**Work to complete:**
In the records below, find the line holding "Boutique Bleu marine" and the line holding "3 Piece Acacia". Set down both, with every line between them, exactly.

---- Data records

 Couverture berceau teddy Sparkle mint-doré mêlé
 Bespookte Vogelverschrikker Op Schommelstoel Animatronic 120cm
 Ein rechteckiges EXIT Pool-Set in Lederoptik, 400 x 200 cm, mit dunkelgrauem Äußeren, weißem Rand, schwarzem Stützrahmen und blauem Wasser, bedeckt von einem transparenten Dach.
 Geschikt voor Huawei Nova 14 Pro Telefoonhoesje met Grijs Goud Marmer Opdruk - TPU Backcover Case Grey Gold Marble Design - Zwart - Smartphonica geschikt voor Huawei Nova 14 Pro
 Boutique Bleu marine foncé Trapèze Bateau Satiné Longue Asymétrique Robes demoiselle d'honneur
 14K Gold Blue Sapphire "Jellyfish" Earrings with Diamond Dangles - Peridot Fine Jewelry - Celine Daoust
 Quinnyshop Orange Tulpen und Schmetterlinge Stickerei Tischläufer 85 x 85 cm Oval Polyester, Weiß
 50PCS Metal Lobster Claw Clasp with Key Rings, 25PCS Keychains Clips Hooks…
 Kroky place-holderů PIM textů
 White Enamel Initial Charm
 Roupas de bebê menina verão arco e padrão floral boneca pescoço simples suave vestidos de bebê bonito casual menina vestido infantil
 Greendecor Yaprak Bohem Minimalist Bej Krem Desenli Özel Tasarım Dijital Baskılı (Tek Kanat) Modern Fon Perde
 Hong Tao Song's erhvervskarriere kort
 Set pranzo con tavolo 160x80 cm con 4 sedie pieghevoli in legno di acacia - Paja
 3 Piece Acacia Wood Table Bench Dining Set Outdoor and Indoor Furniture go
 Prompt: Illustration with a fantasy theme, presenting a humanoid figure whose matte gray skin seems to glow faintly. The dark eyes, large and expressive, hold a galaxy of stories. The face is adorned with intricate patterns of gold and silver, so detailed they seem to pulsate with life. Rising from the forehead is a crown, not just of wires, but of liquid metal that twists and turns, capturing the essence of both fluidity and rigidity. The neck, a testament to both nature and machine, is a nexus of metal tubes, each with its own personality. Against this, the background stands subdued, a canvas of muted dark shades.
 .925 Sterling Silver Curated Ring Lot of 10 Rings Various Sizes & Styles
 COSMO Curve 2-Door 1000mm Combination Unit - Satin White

--------

**Result:**
 Boutique Bleu marine foncé Trapèze Bateau Satiné Longue Asymétrique Robes demoiselle d'honneur
 14K Gold Blue Sapphire "Jellyfish" Earrings with Diamond Dangles - Peridot Fine Jewelry - Celine Daoust
 Quinnyshop Orange Tulpen und Schmetterlinge Stickerei Tischläufer 85 x 85 cm Oval Polyester, Weiß
 50PCS Metal Lobster Claw Clasp with Key Rings, 25PCS Keychains Clips Hooks…
 Kroky place-holderů PIM textů
 White Enamel Initial Charm
 Roupas de bebê menina verão arco e padrão floral boneca pescoço simples suave vestidos de bebê bonito casual menina vestido infantil
 Greendecor Yaprak Bohem Minimalist Bej Krem Desenli Özel Tasarım Dijital Baskılı (Tek Kanat) Modern Fon Perde
 Hong Tao Song's erhvervskarriere kort
 Set pranzo con tavolo 160x80 cm con 4 sedie pieghevoli in legno di acacia - Paja
 3 Piece Acacia Wood Table Bench Dining Set Outdoor and Indoor Furniture go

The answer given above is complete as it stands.